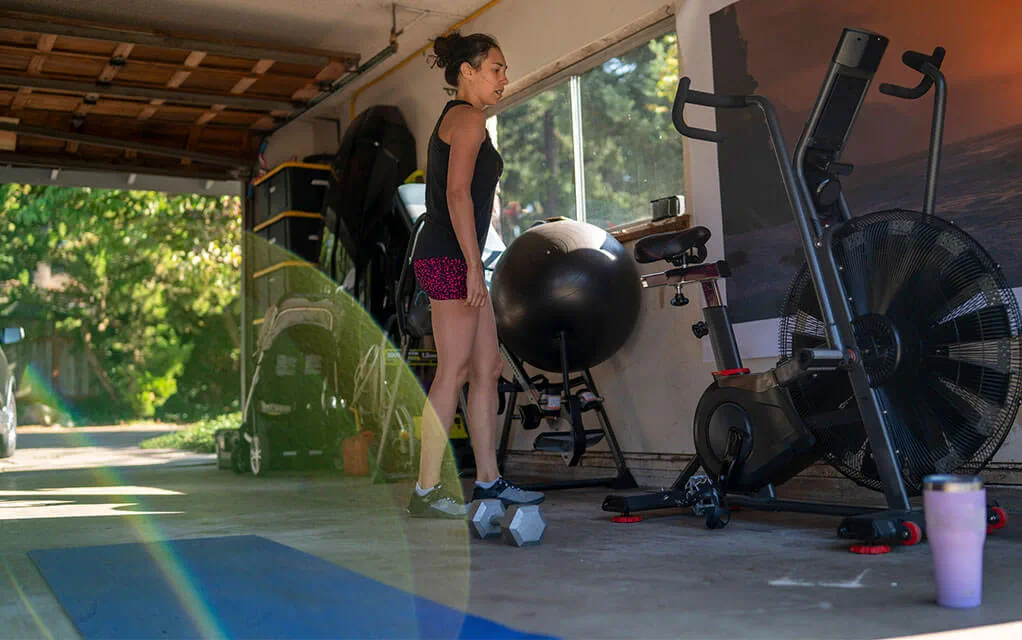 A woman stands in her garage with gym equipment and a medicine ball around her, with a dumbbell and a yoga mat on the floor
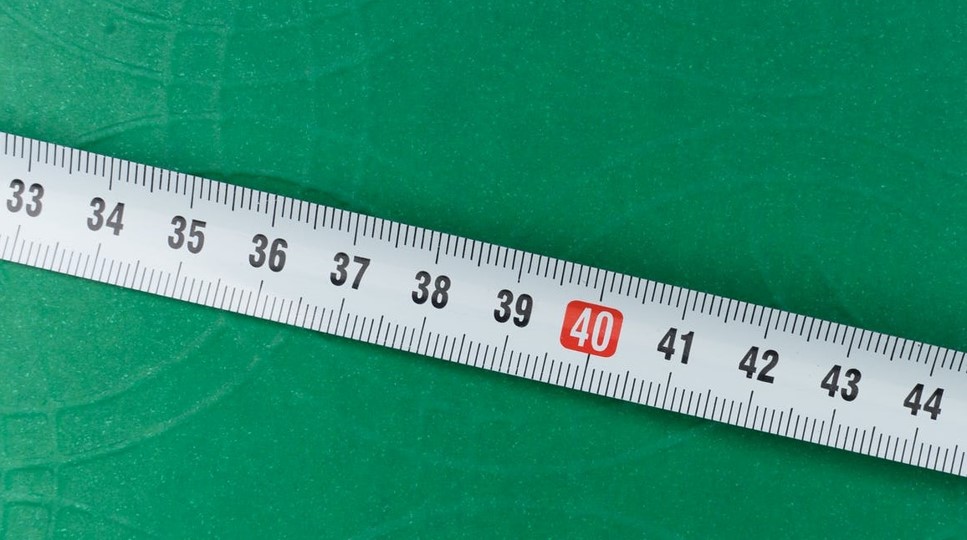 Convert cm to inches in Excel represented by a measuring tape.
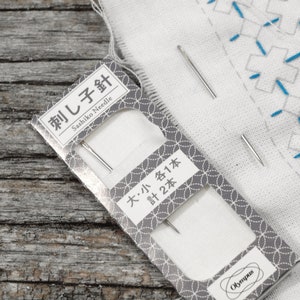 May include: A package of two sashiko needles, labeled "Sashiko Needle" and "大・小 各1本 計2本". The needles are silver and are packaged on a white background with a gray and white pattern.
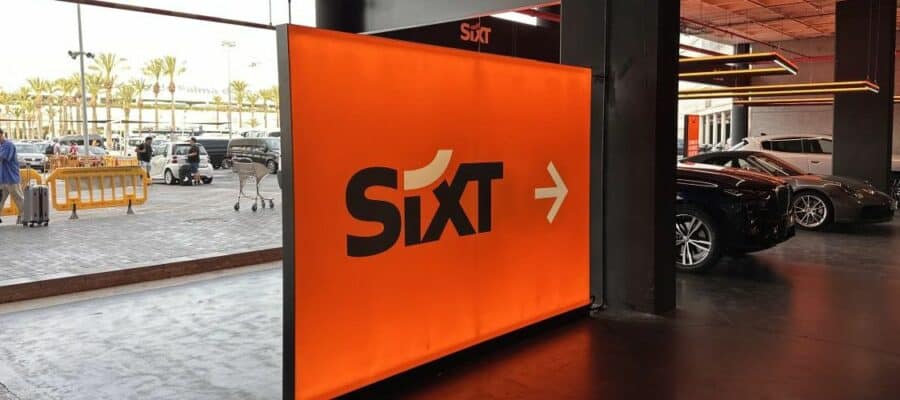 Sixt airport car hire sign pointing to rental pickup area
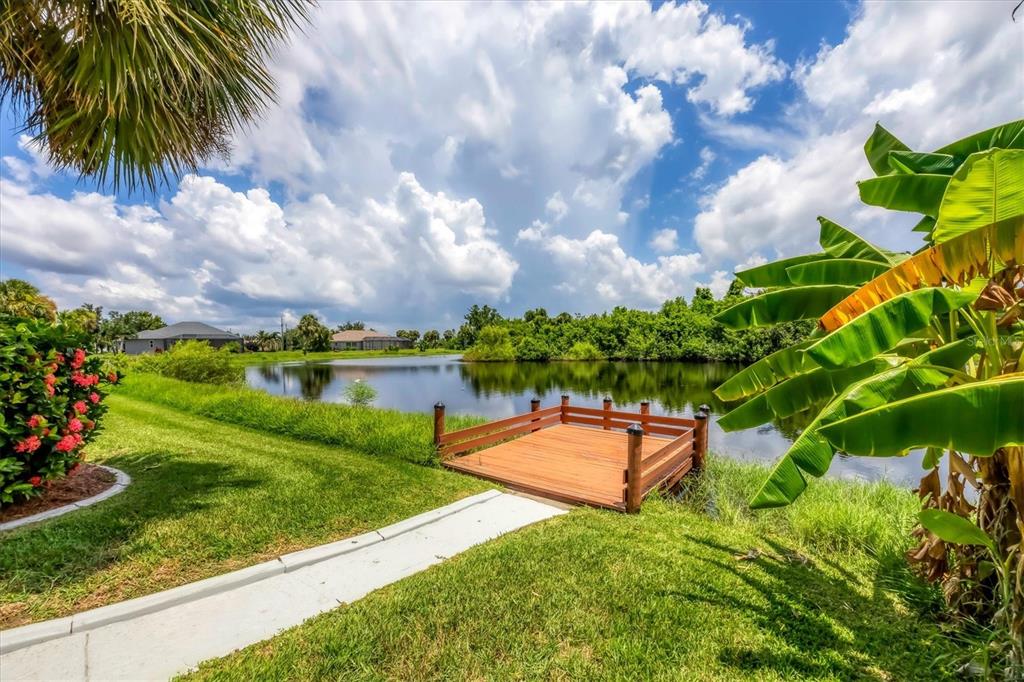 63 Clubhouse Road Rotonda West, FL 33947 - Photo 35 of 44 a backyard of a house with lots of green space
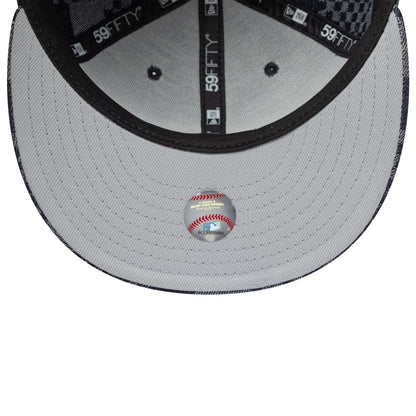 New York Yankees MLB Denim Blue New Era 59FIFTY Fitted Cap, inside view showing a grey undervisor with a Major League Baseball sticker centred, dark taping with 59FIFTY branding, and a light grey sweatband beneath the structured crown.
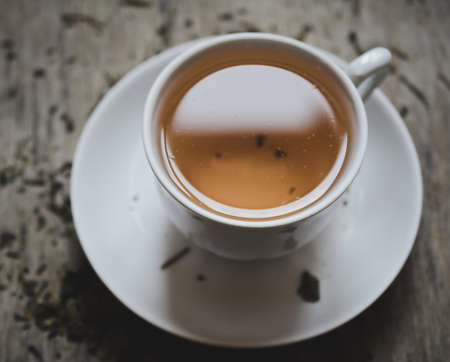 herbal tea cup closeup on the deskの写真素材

──────────────────────────────

■ **WHAT YOU WILL DO**: All of the material above should be copied exactly, minus the pictures.

■ **EXPECTED ANSWER**:
 A woman stands in her garage with gym equipment and a medicine ball around her, with a dumbbell and a yoga mat on the floor
 Convert cm to inches in Excel represented by a measuring tape.
 May include: A package of two sashiko needles, labeled "Sashiko Needle" and "大・小 各1本 計2本". The needles are silver and are packaged on a white background with a gray and white pattern.
 Sixt airport car hire sign pointing to rental pickup area
 63 Clubhouse Road Rotonda West, FL 33947 - Photo 35 of 44 a backyard of a house with lots of green space
 New York Yankees MLB Denim Blue New Era 59FIFTY Fitted Cap, inside view showing a grey undervisor with a Major League Baseball sticker centred, dark taping with 59FIFTY branding, and a light grey sweatband beneath the structured crown.
 herbal tea cup closeup on the deskの写真素材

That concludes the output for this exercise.